The Obama campaign released a seven-minute long web video on Monday highlighting the president’s first term accomplishments, contrasting them with the challenges he inherited from the prior administration.
The video teases a new campaign slogan: "Forward," and while it doesn’t mention Obama’s likely Republican opponent, Mitt Romney, it blames GOP policies for the still sluggish economy.
The ad begins by focusing on events from January 2008 on, sketching a downward trending timeline detailing mounting job losses, the foreclosure crisis, the stock market plunge, and the Lehman Brothers bankruptcy, with pictures of former President George W. Bush transposed beneath.
The ad then transitions to Obama’s inauguration day in January 2009, looking to draw a clear distinction between the timeline of events that occurred before the president took office.“On the day Barack Obama took office, America had already lost 4.4 million jobs in economic disaster, the worst in a generation,” the narrator says.
The ad then ticks off the president’s accomplishments, from passing the stimulus, the auto bailout, increased manufacturing jobs, credit card industry and Wall Street reform, the repeal of “Don’t Ask Don’t Tell,” ending the war in Iraq and the killing of Osama bin Laden.
The ad reiterates the Obama campaign’s argument that Romney would re-institute the policies of the Bush administration, undoing Obama's accomplishments on the economy.
“He's got an opponent who basically wants to do what they did before, on steroids, which will get you the same consequences you got before, on steroids," President Bill Clinton said at a joint fundraiser with Obama in Virginia on Sunday.
Former White House press secretary Robert Gibbs also hammered the point on NBC’s “Meet the Press” Sunday.
“I think sometimes you listen to the Romney campaign, and they do think a lot of people in this country are stupid. … Their message is, 'You didn't clean up our mess fast enough.' Okay?” Gibbs said. “As I said, we've had 11 consecutive months of positive economic growth, 25 consecutive months of positive private sector job growth.”
The ad also doesn’t shy away from Obama’s more controversial accomplishments of healthcare reform, including the birth control mandate, and green energy policies.

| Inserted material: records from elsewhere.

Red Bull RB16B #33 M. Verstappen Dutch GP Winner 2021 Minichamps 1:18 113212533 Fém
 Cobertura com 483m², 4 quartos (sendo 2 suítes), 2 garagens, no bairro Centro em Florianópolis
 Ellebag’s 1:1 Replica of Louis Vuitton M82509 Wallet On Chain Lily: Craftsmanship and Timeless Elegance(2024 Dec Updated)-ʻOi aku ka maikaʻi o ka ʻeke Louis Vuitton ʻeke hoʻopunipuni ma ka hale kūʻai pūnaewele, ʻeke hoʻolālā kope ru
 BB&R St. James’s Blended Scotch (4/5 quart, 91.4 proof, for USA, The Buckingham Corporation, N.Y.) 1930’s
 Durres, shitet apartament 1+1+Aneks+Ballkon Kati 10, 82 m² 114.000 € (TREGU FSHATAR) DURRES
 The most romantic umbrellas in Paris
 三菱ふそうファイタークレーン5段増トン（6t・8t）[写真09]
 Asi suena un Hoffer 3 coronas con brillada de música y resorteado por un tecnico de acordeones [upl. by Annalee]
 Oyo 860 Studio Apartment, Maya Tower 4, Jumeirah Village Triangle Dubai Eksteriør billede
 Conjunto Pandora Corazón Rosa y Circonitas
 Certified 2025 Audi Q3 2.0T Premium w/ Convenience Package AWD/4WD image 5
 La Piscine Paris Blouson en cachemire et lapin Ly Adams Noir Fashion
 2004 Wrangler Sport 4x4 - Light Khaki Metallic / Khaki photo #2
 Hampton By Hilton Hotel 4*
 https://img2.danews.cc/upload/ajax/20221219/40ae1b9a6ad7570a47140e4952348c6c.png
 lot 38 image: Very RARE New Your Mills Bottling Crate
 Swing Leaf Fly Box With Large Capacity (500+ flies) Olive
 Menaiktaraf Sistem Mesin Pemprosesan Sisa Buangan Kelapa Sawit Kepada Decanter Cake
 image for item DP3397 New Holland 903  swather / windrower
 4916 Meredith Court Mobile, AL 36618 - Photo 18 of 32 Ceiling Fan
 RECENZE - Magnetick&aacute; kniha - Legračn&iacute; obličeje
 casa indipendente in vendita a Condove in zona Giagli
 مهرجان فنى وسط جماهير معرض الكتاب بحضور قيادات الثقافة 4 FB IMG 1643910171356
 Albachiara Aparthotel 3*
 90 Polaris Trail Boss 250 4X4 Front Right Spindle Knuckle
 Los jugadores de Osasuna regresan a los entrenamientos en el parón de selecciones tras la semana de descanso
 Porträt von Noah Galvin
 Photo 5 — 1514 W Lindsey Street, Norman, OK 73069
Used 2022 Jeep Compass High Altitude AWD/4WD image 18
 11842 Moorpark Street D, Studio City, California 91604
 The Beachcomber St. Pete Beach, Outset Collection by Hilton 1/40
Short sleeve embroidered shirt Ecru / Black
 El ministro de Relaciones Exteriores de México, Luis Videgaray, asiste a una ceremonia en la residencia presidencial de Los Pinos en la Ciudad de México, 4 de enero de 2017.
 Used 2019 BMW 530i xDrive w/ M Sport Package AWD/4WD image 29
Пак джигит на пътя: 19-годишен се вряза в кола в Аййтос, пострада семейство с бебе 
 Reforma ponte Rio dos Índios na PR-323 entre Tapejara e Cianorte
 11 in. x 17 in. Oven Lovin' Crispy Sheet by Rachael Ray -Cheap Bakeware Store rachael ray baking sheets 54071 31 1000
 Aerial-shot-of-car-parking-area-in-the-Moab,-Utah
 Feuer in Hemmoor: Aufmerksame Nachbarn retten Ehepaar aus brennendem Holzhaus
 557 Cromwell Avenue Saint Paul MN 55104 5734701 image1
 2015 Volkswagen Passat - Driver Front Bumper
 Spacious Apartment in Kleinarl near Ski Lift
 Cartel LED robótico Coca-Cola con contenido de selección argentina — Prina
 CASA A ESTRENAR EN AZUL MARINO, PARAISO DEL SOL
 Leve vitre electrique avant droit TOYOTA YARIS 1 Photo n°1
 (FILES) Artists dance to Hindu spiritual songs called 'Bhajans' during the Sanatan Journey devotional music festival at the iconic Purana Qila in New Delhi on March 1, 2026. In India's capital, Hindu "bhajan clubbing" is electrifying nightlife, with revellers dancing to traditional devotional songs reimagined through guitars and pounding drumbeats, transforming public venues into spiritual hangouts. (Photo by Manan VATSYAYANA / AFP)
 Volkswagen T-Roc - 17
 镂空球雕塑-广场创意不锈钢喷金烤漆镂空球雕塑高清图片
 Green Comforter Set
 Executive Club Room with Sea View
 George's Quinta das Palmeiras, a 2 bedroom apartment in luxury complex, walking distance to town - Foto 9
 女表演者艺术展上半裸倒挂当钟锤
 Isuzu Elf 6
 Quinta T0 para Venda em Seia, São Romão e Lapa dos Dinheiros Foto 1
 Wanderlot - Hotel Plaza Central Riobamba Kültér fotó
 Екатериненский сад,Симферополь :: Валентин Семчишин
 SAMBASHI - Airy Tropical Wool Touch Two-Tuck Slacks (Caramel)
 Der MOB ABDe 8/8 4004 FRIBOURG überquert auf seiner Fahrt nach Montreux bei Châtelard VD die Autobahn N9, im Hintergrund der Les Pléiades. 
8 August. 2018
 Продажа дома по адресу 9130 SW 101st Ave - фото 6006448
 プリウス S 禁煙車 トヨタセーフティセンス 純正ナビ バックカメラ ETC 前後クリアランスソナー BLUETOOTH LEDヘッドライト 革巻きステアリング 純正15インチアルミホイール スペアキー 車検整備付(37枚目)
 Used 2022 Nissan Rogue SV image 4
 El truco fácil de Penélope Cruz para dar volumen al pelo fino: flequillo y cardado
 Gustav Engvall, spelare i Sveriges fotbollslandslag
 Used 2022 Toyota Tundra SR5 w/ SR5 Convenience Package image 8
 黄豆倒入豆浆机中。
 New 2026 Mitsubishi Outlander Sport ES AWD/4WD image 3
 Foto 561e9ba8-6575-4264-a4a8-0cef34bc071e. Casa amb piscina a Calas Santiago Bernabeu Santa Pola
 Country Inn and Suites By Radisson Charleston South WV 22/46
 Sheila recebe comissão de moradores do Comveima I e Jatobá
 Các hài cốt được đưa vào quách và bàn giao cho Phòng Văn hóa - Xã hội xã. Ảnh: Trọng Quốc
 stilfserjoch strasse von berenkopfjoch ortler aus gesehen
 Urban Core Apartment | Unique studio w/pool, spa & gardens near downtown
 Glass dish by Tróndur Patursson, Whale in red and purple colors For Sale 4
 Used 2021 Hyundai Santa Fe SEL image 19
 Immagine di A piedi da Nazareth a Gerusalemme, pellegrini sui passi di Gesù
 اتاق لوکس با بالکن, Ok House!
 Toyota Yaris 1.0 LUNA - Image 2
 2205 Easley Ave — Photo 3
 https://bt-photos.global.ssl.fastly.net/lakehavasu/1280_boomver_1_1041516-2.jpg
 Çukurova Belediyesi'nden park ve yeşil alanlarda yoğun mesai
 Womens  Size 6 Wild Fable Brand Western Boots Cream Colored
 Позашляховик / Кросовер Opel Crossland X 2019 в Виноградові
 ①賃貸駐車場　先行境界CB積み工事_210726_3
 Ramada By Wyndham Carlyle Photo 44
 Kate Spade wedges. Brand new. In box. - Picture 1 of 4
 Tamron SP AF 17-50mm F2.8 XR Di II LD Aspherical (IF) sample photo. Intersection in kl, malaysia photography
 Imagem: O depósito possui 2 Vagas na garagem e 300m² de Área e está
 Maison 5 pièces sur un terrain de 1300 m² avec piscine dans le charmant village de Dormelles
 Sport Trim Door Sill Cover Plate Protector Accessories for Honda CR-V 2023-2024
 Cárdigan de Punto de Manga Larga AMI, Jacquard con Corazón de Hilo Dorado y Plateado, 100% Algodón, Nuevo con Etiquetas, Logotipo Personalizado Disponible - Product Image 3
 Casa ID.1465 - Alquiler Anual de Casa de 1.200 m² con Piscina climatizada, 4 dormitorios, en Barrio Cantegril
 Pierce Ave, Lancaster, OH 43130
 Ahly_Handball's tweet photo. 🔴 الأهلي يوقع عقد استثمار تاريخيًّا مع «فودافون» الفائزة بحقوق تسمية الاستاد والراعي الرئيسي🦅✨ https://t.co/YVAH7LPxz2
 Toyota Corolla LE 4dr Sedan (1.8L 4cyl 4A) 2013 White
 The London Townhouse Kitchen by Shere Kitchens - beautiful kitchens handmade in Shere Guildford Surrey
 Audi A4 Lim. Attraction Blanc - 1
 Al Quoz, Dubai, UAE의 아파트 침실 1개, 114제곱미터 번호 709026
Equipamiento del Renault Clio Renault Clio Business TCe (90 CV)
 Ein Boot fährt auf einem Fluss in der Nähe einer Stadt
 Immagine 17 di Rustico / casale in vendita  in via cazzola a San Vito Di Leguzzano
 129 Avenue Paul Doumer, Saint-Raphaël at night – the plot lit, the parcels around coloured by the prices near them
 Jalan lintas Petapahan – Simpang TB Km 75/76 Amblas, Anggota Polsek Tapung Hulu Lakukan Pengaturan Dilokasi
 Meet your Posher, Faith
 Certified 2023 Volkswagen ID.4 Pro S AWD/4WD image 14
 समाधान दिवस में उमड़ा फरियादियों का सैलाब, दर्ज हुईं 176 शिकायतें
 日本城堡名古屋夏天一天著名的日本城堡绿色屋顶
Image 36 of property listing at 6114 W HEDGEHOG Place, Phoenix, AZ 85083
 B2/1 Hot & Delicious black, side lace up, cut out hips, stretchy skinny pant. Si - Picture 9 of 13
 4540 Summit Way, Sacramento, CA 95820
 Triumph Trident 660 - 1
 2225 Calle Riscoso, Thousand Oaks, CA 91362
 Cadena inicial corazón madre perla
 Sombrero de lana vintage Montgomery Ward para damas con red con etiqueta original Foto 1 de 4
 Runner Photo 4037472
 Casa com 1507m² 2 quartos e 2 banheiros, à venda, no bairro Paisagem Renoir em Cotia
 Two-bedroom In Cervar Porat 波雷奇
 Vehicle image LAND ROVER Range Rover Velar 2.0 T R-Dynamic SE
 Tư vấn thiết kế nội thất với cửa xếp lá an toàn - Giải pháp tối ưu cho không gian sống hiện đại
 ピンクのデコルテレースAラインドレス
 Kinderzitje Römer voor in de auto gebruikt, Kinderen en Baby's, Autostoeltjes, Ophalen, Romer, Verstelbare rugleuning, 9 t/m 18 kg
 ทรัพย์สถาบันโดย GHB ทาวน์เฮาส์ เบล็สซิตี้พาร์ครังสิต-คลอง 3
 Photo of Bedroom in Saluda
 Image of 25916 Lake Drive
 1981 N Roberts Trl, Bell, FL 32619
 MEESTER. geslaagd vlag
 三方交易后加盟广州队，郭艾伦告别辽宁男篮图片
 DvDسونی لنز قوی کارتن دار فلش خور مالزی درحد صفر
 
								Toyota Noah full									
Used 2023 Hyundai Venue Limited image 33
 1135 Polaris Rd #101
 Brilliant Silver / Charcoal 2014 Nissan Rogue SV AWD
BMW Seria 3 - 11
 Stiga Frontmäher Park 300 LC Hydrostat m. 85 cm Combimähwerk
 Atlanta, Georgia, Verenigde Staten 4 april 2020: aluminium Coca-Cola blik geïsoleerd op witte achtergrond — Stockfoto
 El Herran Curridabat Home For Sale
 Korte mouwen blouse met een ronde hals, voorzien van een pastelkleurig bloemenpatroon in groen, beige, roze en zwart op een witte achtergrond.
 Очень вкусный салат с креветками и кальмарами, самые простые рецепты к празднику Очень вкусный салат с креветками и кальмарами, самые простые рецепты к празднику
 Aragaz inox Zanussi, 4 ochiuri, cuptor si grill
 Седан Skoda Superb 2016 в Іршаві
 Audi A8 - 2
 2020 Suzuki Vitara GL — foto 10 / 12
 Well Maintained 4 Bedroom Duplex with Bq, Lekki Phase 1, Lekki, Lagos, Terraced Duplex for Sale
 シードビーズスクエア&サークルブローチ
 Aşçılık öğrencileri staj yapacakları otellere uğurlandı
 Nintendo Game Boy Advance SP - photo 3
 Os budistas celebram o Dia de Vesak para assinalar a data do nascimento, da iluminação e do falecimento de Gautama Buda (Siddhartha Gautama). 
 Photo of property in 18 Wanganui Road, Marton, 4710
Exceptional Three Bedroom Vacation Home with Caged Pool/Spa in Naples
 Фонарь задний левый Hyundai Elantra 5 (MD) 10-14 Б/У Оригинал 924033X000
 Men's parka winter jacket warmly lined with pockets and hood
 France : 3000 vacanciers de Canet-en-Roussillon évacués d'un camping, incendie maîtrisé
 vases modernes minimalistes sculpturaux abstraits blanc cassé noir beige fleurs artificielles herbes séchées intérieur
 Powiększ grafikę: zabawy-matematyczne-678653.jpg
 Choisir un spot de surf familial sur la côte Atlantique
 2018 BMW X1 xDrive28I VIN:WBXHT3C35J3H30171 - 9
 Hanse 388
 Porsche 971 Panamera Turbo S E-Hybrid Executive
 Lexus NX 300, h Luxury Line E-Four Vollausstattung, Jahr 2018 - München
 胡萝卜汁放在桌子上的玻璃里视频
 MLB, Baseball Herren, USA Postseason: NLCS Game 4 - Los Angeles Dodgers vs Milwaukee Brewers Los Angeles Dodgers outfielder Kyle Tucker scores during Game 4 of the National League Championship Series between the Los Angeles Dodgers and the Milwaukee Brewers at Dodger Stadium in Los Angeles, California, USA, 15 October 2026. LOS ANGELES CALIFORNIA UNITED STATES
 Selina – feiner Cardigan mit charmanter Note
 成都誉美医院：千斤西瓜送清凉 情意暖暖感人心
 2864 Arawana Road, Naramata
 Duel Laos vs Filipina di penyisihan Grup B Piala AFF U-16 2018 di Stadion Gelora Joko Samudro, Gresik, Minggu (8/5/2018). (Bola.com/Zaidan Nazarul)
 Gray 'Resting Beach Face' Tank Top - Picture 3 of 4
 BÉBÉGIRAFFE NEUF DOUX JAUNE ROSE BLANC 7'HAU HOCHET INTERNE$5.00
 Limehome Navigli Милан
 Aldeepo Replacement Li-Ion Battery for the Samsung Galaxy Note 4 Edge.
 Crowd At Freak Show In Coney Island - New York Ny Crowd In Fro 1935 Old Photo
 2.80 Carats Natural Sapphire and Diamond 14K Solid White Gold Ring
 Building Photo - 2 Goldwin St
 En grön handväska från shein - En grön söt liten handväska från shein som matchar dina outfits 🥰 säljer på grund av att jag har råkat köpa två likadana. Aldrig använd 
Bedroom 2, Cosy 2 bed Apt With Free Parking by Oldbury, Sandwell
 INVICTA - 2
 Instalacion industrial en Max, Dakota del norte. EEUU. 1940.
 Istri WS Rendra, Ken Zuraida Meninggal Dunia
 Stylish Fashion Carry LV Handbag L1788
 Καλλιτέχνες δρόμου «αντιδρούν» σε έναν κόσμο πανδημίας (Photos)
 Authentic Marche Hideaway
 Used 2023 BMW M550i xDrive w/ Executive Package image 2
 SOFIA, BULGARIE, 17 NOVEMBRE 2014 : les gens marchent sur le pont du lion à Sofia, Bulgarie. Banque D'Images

“But instead of working together to lift America up, Republicans were waging a campaign to tear the president down,” the narrator continues, over pictures of conservative media personalities like Rush Limbaugh, Glenn Beck and Sean Hannity.
The ad then turns to paint Republicans in Congress as obstructionist, intercutting shots of House Speaker John Boehner (R-Ohio), Senate Minority Leader Mitch McConnell (R-Ky.), and House Majority Leader Eric Cantor (R-Va.) saying “no.”
The video plays McConnell’s line that has been used consistently by Democrats who say Republicans are putting politics ahead of legislating.
“Our top political priority over the next two years should be to deny President Obama a second term,” McConnell said.
The new Obama ad comes ahead of his 2012 campaign launch with official rallies Saturday May 5 in Ohio and Virginia.